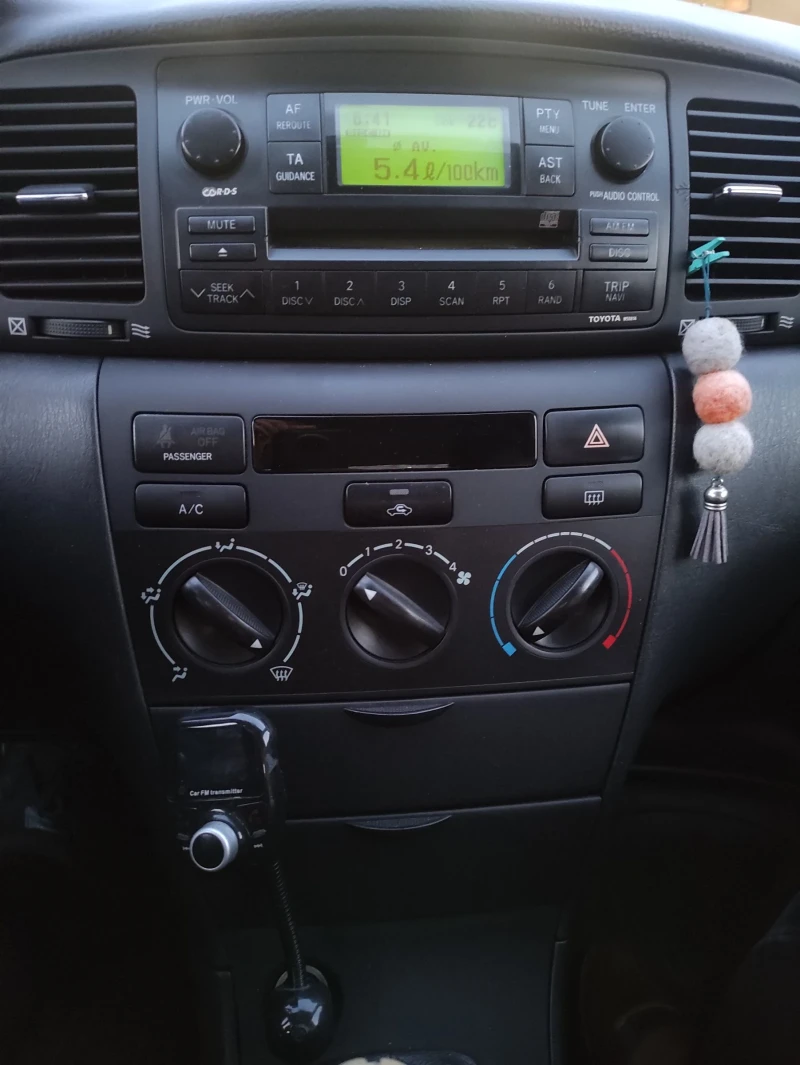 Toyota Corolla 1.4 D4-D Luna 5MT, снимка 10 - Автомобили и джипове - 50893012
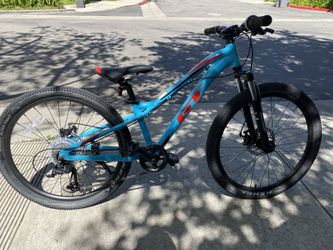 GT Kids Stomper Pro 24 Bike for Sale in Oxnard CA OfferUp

==

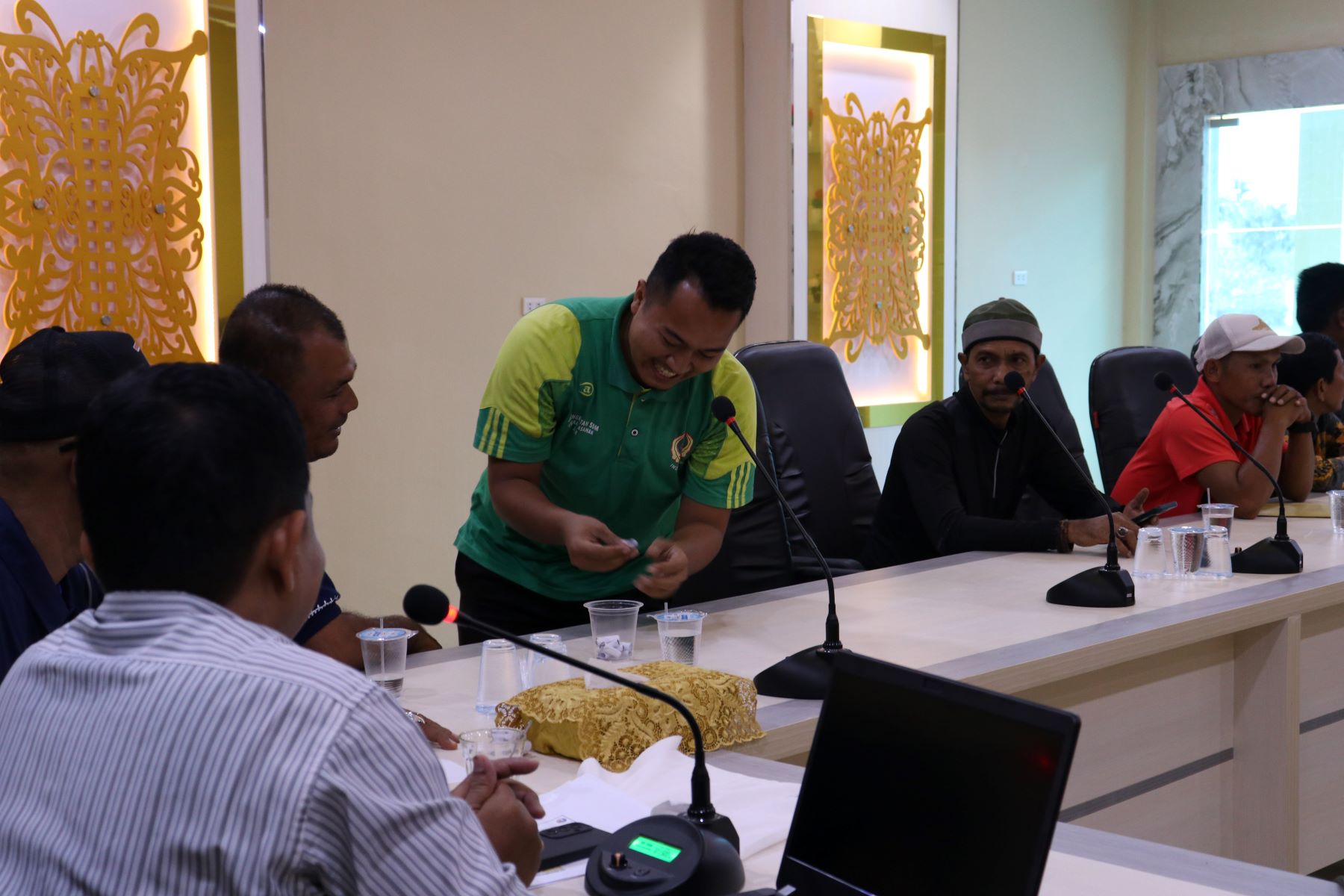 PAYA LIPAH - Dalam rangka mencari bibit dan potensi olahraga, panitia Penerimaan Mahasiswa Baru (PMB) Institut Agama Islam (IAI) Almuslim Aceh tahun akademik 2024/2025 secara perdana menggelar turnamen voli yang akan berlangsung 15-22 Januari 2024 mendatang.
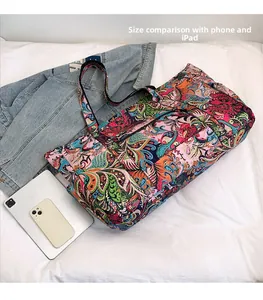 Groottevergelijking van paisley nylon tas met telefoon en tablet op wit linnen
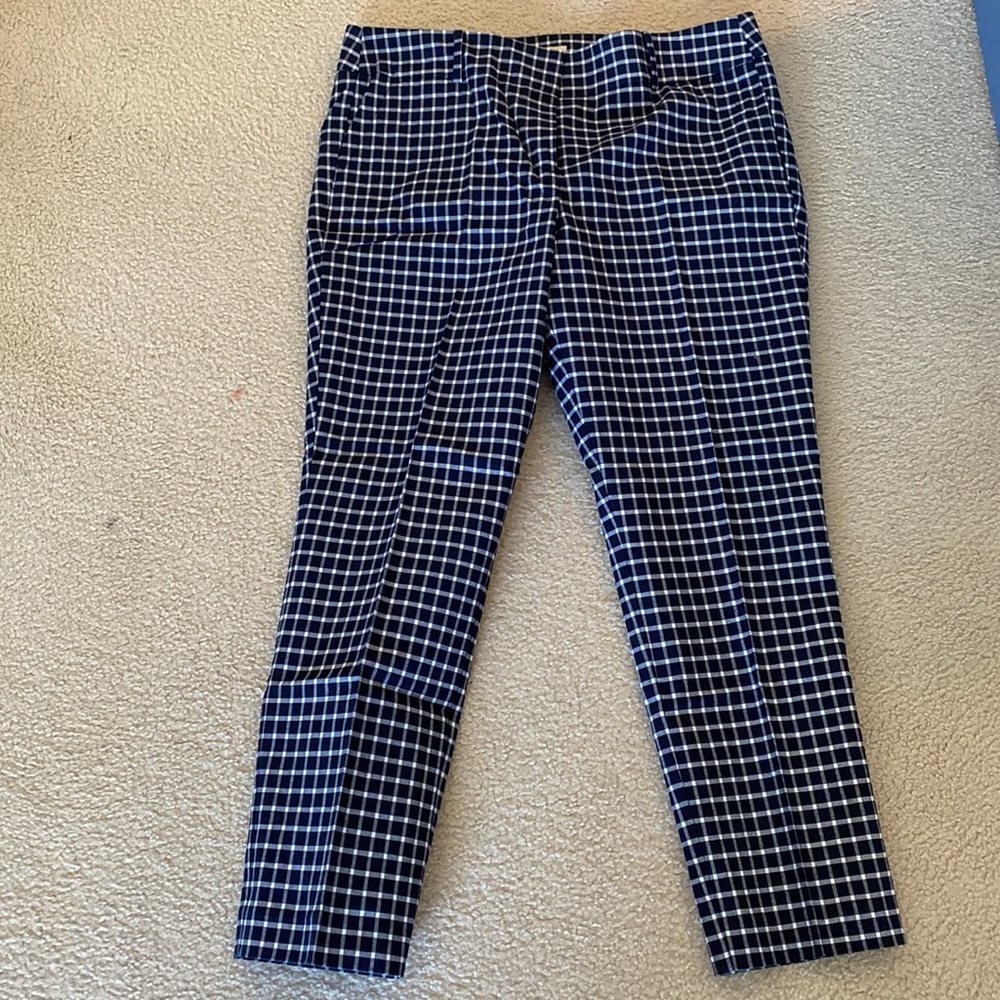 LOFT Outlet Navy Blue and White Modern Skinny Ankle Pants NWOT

## [Your assignment]
Look above for the line with "Toyota Corolla 1.4" and the line with "GT Kids Stomper". Give again exactly those two lines and all lines between them, pictures excluded.

## [Your response]
 Toyota Corolla 1.4 D4-D Luna 5MT, снимка 10 - Автомобили и джипове - 50893012
 GT Kids Stomper Pro 24 Bike for Sale in Oxnard CA OfferUp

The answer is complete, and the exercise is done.